None were arguing that he coached real good but communicated real
bad and that he should fight back against being canned by saying
things like: “Our work is far from finished.” And, “We have no
intention of allowing our great achievements to be rolled
back.”
Those, of course, are the words of Nancy Pelosi whose team
got thumped, last Tuesday, as badly as the Cowboys did on Sunday
night. And her team doesn’t get a rematch for another for two
years.
Still, she wants to stay on as Head Coach or, in this
case, as Minority Leader. The job of Speaker, which she currently
holds, goes over to the other side in January. Right now, it looks
as though she will accomplish her goal, which could only happen in
Washington and is part of the reason her team lost in the first
place. Because it plays in Washington, where this kind of thing can
— and does — happen all the time. Remember the CIA boss who said
something about how WMD in Iraq was a “slam dunk” and got a medal
when he retired?
Of course, Ms. Pelosi will suffer a loss of status and
perks. Her new office will, presumably, be less grand than the one
she currently occupies. And she and her family will no longer be
flown on military aircraft between her place of business,
Washington, and the jurisdiction, San Francisco, that she
represents in Congress. (Here are two more clues to the defeat her
team suffered — the special treatment and the fact that the broad
interior of the country is something she looks down on, literally,
and seldom experiences in the flesh.)
Rejection is galling. So is defeat. (They aren’t always
the same.) And for someone accustomed to round-the-clock
sycophancy, it is especially difficult to accept either and almost
impossible to endure the idea of both. So, of course, in Ms.

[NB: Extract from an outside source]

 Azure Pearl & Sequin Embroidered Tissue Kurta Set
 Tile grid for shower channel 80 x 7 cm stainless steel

Pelosi’s view, the voters had not defeated her party and/or
rejected its message. They simply hadn’t
understood.
It is hard to let go and the grander the ambition and the
more royal the office, the harder it is. Hard to imagine that Wade
Phillips entertains notions of a comeback with the Cowboys. Or
another head coaching job. But the political world is the scene of
frequent attempts at a second act. The stereotype in America is
Harold Stassen, who became a clown. But there was also Eugene
McCarthy, who couldn’t get over the moment when he had driven
Lyndon Johnson from the White House and how close he had come (in
his own mind, anyway) to moving in, himself. So he ran, again and
again, losing a little more of his dignity every time.

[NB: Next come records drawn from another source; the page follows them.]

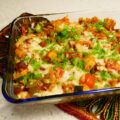 Malse kip ovenschotel met chorizo, kaas, groente en rijst……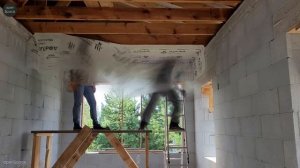 Монтаж чернового потолка. Пароизоляция. Подшивка обре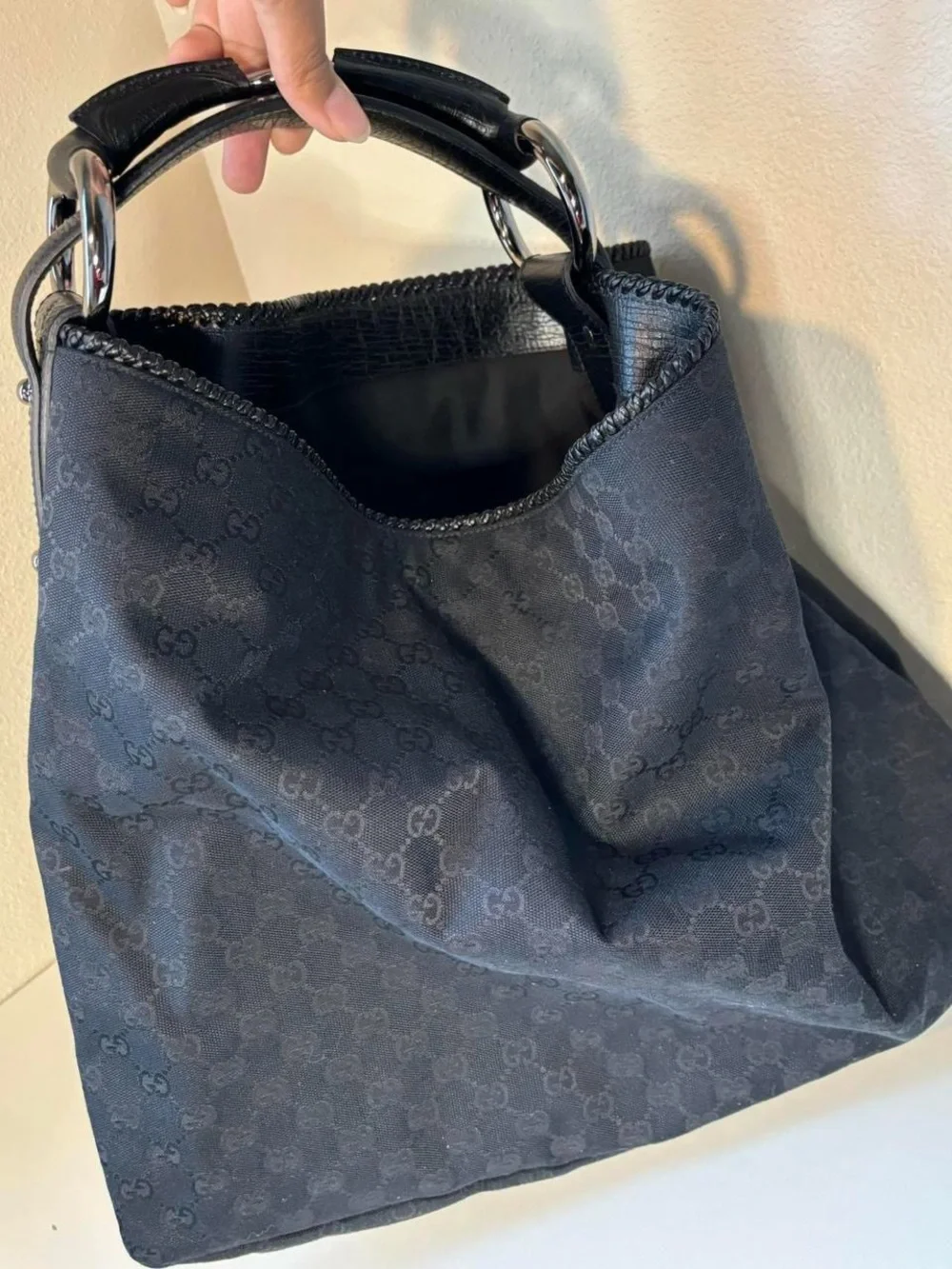 Gucci Black GG Canvas Hobo with Silver Hardware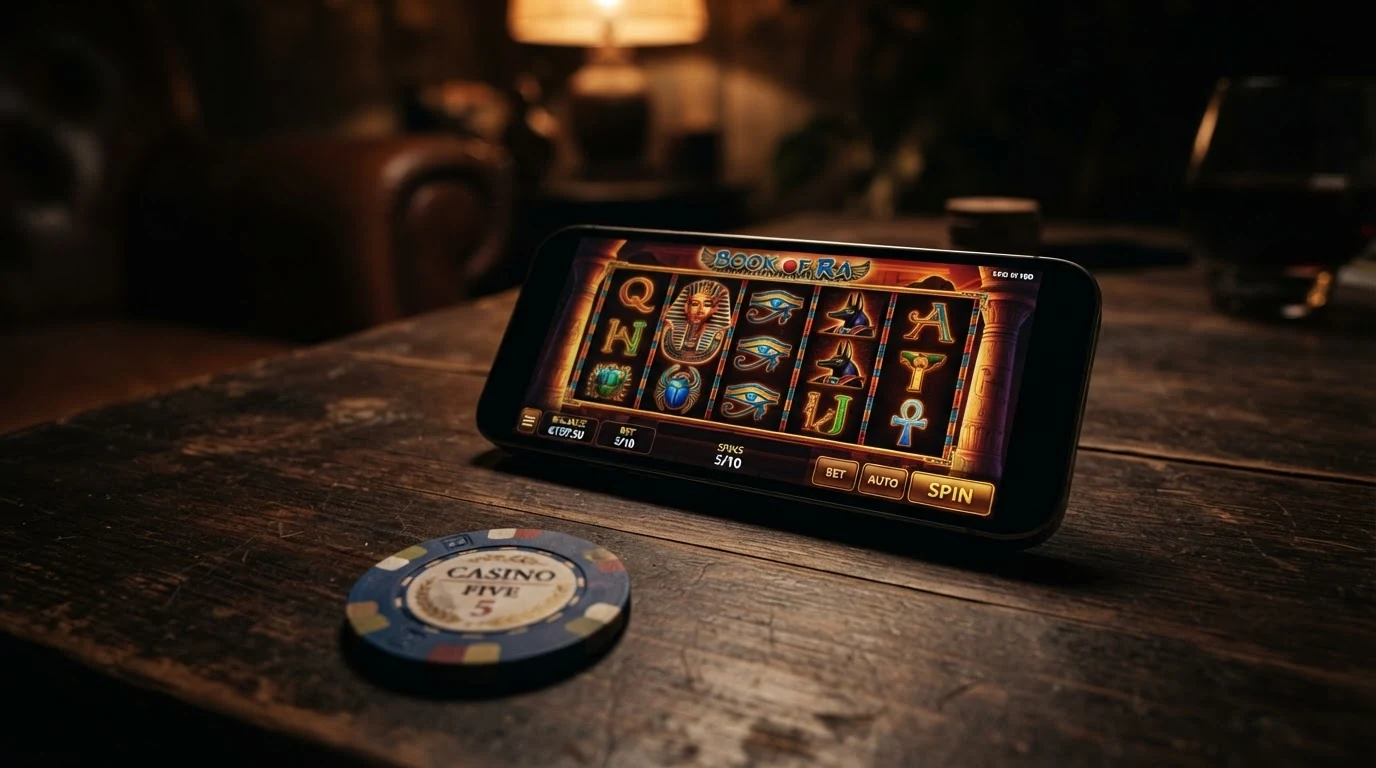 Der Slot „Book of Dead“ von Play'n GO mit seinen ägyptischen Symbolen und der Freispiel-Funktion auf einem Bildschirm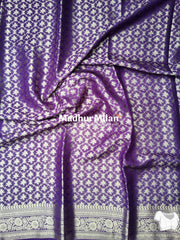 MAYA BANARASI CREPE PLAIN BODY GOLD JARI BORDER SAREE PURPLE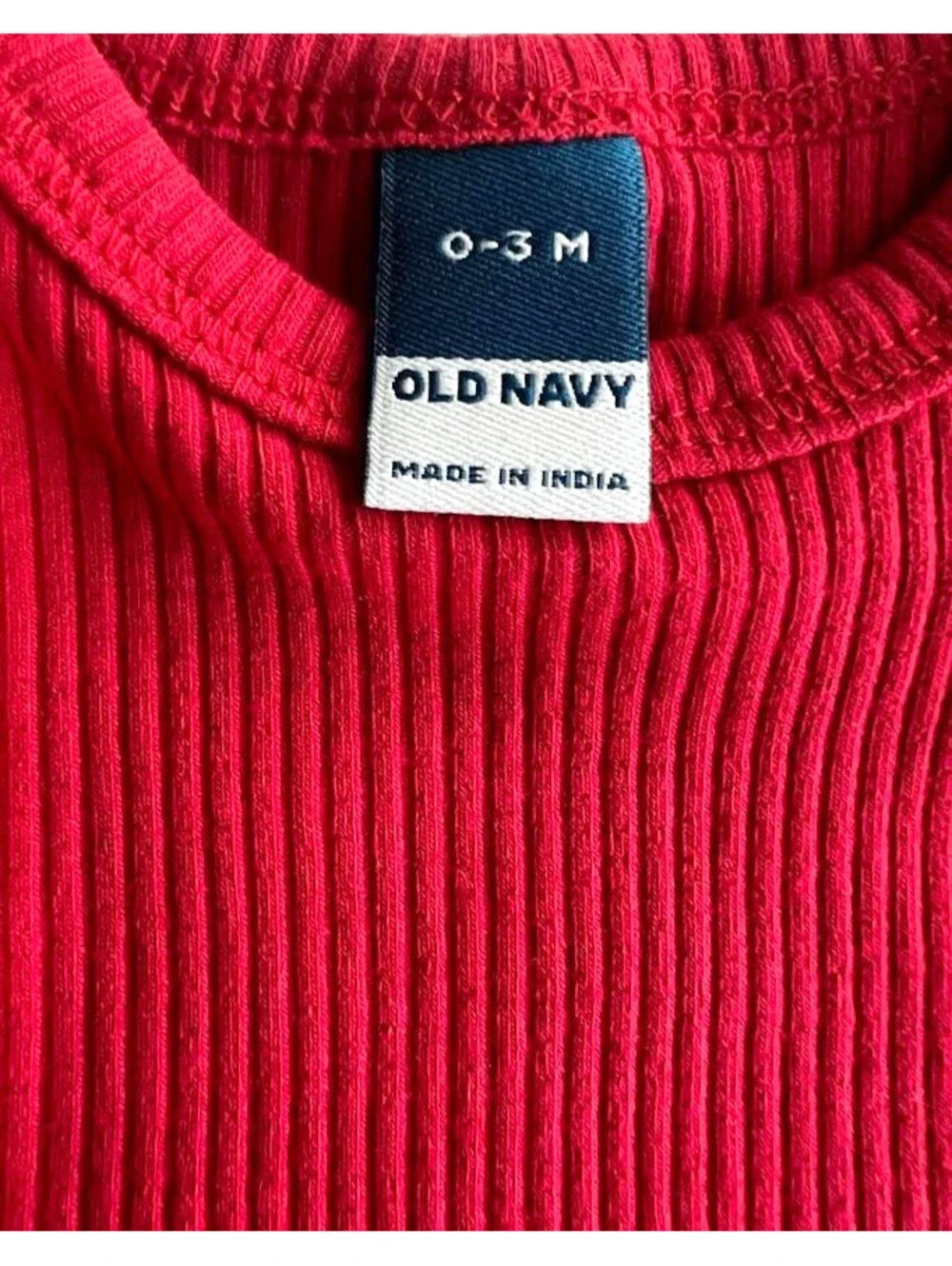 Old Navy Red Bodysuit-Size 0-3 Months, Long Sleeved, Unisex, Ribbed, NWT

Maybe Ms. Pelosi can pull it off. The pundits are
reminding us that other House Speakers have. No reason the fortunes
of her party could not be reversed, and dramatically, in the next
election. We live in exceedingly volatile times.
Since she probably has more supporters among her team’s
fans than Wade Phillips does among his, she’ll probably bring it
off and become the new Minority Leader, in January. No doubt, those
fans — and Ms. Pelosi, herself — see visions of voters in 2012
turning out in droves and shouting, on their way to the polls, “How
‘bout them Democrats.”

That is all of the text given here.